Segment Open

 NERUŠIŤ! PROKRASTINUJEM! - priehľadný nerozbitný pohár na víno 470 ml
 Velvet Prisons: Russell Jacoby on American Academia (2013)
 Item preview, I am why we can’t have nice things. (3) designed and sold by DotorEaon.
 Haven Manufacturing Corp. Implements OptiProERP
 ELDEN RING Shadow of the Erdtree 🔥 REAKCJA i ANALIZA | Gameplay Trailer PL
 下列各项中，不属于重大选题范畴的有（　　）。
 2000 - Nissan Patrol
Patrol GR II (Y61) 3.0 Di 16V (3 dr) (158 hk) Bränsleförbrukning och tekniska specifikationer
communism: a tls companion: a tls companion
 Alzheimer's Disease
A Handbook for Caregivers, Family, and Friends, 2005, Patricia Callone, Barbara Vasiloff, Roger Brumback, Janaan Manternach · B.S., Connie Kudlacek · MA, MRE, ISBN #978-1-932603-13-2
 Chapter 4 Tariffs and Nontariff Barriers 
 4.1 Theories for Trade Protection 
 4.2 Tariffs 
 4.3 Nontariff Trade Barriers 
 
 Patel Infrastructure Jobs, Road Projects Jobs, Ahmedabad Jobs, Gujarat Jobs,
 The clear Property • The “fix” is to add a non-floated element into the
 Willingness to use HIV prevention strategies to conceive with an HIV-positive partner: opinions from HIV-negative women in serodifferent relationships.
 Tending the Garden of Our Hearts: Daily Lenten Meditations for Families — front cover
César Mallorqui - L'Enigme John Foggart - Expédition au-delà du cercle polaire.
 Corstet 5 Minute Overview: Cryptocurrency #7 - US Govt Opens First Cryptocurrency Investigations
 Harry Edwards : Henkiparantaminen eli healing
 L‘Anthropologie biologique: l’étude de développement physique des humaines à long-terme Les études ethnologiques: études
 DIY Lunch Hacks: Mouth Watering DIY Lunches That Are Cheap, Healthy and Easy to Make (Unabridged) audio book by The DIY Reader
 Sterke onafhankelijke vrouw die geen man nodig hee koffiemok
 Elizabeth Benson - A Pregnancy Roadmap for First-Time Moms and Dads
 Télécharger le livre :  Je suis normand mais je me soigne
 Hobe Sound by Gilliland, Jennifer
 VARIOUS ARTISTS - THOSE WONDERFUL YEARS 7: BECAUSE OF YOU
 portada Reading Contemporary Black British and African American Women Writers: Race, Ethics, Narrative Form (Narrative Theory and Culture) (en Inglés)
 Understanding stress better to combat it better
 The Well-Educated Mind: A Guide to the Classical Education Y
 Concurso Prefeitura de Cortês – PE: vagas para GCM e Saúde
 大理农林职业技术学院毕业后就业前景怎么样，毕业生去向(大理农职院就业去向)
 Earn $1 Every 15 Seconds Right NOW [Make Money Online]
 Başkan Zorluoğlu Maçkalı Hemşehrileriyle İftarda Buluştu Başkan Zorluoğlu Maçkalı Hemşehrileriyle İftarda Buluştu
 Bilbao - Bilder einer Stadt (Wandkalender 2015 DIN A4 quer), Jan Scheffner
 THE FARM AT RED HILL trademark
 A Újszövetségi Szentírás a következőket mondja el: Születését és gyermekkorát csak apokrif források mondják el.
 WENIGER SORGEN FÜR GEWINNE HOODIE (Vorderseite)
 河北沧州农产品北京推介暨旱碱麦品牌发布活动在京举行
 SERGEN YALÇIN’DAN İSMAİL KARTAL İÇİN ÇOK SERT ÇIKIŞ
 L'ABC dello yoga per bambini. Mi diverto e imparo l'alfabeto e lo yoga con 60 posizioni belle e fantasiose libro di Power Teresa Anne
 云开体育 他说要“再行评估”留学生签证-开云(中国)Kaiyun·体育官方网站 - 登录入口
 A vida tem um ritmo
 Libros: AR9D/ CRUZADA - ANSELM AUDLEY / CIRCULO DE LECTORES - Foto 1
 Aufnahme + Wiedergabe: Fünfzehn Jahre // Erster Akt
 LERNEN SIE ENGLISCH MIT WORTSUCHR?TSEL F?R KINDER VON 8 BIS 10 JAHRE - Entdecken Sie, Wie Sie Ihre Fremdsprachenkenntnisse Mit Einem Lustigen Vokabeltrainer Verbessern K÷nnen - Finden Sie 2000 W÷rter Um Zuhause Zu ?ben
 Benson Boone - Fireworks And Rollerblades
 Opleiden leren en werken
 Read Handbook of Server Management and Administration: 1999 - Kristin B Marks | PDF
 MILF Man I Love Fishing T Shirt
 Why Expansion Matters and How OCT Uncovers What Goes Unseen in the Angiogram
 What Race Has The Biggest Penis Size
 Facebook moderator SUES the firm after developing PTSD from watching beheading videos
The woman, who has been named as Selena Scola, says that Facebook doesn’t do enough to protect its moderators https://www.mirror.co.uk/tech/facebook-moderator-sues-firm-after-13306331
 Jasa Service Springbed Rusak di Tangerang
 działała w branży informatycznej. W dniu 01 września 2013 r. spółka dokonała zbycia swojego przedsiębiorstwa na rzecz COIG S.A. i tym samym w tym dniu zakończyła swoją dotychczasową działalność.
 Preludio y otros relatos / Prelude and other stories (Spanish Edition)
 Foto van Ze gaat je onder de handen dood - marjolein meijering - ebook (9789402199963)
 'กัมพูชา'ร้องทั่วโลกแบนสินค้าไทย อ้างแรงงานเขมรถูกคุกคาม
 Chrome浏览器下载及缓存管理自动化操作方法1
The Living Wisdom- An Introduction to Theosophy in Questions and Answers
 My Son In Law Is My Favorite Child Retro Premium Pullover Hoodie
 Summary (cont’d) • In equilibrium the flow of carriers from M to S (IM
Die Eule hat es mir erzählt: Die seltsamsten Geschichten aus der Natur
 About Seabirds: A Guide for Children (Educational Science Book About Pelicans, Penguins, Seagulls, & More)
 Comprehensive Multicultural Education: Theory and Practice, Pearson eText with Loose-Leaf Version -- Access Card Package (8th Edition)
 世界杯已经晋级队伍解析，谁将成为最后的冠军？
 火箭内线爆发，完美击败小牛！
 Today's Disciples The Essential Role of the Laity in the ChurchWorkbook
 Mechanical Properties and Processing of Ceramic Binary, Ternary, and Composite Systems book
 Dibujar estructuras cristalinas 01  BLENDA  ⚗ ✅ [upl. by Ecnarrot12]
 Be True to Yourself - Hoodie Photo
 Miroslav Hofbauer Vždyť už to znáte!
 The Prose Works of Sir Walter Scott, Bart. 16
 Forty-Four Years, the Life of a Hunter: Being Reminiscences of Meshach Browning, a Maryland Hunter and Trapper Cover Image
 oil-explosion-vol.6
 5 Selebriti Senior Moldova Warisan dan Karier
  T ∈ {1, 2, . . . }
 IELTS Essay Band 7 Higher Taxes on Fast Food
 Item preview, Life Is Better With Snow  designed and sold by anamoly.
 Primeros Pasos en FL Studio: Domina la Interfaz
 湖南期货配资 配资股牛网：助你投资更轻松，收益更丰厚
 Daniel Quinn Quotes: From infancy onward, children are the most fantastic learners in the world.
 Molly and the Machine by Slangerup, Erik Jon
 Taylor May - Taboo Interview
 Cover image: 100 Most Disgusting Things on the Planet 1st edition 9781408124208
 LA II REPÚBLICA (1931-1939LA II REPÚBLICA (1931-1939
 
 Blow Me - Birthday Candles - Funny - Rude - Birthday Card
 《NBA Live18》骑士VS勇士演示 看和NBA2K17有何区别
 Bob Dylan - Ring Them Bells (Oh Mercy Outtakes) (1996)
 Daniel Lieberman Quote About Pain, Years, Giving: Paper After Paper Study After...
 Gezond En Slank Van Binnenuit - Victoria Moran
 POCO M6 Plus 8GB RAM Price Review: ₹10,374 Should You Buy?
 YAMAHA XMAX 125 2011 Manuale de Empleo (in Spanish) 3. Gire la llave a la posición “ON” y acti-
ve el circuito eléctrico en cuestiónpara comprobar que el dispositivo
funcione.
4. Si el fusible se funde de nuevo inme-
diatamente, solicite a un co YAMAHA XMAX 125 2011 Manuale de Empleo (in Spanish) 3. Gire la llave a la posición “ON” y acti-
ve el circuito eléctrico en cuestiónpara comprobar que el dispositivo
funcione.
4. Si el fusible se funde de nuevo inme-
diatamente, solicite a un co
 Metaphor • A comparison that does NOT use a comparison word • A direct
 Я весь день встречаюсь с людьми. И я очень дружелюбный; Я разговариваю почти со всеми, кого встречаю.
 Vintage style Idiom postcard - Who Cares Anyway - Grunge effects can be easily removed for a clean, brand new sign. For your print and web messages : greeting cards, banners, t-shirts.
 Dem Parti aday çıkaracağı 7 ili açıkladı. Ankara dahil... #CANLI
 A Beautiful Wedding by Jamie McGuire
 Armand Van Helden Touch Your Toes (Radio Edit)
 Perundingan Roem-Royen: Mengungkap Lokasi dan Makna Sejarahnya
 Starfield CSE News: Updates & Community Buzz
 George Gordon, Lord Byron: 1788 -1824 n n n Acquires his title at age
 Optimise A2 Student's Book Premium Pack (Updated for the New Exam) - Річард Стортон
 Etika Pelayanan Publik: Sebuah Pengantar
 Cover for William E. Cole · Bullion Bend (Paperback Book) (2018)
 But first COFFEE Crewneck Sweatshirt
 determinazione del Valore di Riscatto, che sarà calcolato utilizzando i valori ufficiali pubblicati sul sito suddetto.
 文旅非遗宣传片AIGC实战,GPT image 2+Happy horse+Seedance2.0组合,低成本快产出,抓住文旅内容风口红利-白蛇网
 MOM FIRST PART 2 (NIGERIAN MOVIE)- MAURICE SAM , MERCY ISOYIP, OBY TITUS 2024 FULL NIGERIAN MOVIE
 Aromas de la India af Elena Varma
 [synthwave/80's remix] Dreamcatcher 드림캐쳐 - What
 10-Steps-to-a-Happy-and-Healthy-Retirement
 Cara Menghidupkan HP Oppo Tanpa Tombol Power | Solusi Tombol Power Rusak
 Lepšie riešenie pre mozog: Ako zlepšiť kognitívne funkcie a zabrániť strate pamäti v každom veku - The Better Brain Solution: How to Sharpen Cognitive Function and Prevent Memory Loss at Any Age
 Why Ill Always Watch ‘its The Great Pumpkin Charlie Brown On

Segment Closed

Retype exactly the lines from the first line of the records above through the line containing "Chapter 4 Tariffs and Nontariff Barriers", both included, and nothing else.

 NERUŠIŤ! PROKRASTINUJEM! - priehľadný nerozbitný pohár na víno 470 ml
 Velvet Prisons: Russell Jacoby on American Academia (2013)
 Item preview, I am why we can’t have nice things. (3) designed and sold by DotorEaon.
 Haven Manufacturing Corp. Implements OptiProERP
 ELDEN RING Shadow of the Erdtree 🔥 REAKCJA i ANALIZA | Gameplay Trailer PL
 下列各项中，不属于重大选题范畴的有（　　）。
 2000 - Nissan Patrol
Patrol GR II (Y61) 3.0 Di 16V (3 dr) (158 hk) Bränsleförbrukning och tekniska specifikationer
communism: a tls companion: a tls companion
 Alzheimer's Disease
A Handbook for Caregivers, Family, and Friends, 2005, Patricia Callone, Barbara Vasiloff, Roger Brumback, Janaan Manternach · B.S., Connie Kudlacek · MA, MRE, ISBN #978-1-932603-13-2
 Chapter 4 Tariffs and Nontariff Barriers 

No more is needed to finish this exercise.